# Extended warranty worth it?



## kevdogX6 (Aug 22, 2020)

I recently purchased a 2016 X6 iDrive50i with now about 40k miles. Was very well maintained at a dealership according to the Carfax. It has a 100k mile powertrain warranty from Allstate.

The original warranty expires next month. Anyone feel strongly about whether I should purchase an extended warranty? I have a local mechanic that I trust and he himself has a BMW, he would be doing any repair work if I do not extend the warranty.


----------



## Autoputzer (Mar 16, 2014)

Statistically, no. On average, repair costs are lower than what the warranties cost. If they weren't, the company selling them would go bankrupt.


----------



## jeff661 (Sep 22, 2017)

I agree with Autoputzer. On average the cost of maintenance must be less than the cost of the warranty. It's really insurance. If you had $3,000 repair would that be a problem? The warranty allows you to cap your downside (to some degree). Odds are on your side but if you had a couple of major expenses over the next 3 years would that be ok? I only bought an extended warranty once. It was a Volvo S80 and the warranty paid for a new transmission that I'm sure was way more than than warranty.


----------



## Autoputzer (Mar 16, 2014)

You buy insurance to protect you from losses which you wouldn't financially survive, e.g. you causing a traffic accident which resulted in a school bus full of lawyers' kids careening off a cliff.

I just had a $3400 repair bill on my 535i. Most of that was suspension damage after hitting a massive hole. It wasn't a pot hole, which is caused by environmental conditions (rain and/or freezing temperatures). This hole was intentionally dug by the Bubbaville Beach Water Department. 

The way I mentally and financially cope with these large repair bills is that I budget for them. After 50k miles, I budget $0.20/mile for the maintenance and repairs of my BMW's. I also quantify my annual deprecation by looking up the values of my cars on KBB.com. Once you see what deprecation is on a newer BMW, those occasional $3k repair bills don't seem all that bad.


----------



## effduration (Nov 11, 2008)

A Bmw 4.4 liter V8 with twin turbos (iDrive50i)? What could go wrong? Sounds cheap to repair too....😁

I would read the Allstate warranty carefully and understand any exclusions, deductibles. 
I would also get a couple of quotes on reputable extended warranties & understand what they do and do not cover. 

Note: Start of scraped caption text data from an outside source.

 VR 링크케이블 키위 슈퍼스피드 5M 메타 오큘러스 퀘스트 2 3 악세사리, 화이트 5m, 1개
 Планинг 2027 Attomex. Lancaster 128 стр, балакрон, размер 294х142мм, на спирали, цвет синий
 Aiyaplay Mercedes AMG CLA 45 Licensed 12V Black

Then I would think about it. IME, most of the value in these extended warranties are in the last 6 months /10,000 miles of their lives. Many warranties are not transferable to subsequent owners. If I thought I was going to own your car for another 5 years and 60,000 miles and I could get a reputable warranty for that period for $2,000-$2,500 with terms I could live with, I might buy it. If it's $4,000+ probably not.


----------



## SriniK (Aug 26, 2020)

My M550i had about 45K miles when I bought it. After hearing nightmare stories, I ended up buying extended warranty from a BMW dealer. I paid $3700 for 5 yrs/70K miles bumper to bumper with no deductible from a company called ASC.


----------



## jeff661 (Sep 22, 2017)

I'm not sure if this is true in all states but in California, extended vehicle warranties are regulated as insurance. And if you cancel the warranty before the end of the term you can get back the prorated value. So, when i traded in my Volvo, the dealer wasn't interested in me transferring the warranty to them, so i cancelled it and got back a lot of money. Keep this in mind if you bought an extended warranty and then sold (or totaled) the car before you used up the term.


----------



## Doug Huffman (Apr 25, 2015)

Will you cite the regulation, please?


----------



## jeff661 (Sep 22, 2017)

See "Can I cancel a vehicle service contract" Guide to Automobile Service Contracts, Extended Warranties and Other Repair Agreements


----------



## Doug Huffman (Apr 25, 2015)

jeff661 said:


> See "Can I cancel a vehicle service contract" Guide to Automobile Service Contracts, Extended Warranties and Other Repair Agreements


*Can I Cancel a VSC ? *
All VSCs are cancelable under California Civil Code Section 1794.41. The obligor must give you a full refund of the VSC purchase price if you meet all of the following requirements:

You cancel the VSC within 60 days after receiving the contract, or 30 days if your car is used and came without a manufacturer warranty.
You send your cancellation notice as specified in the VSC.
You have not filed a claim with the dealer or VSCP.(If you have filed a claim, you may still cancel, but you will only receive a partial refund. The obligor may keep some of the purchase price based on the elapsed time or mileage, as specified in the VSC.)


----------



## BeemRN-5S (Dec 5, 2016)

I had purchased an extended warranty for my 2013 528i xDrive. Months before its expiration, I had some problems that needed repairs. They shouldered the $3000.00 cost of repair. Now, in less than a year after the repair, my car is dead and BMW suggested my car needed an engine replacement that'll cost close to $20K. Guess what? I have no more coverage. Probably might end up taking my car to a local mechanic for a cheaper cost of repair. Extended warranty is recommended especially for a used out of warranty expensive European cars.


----------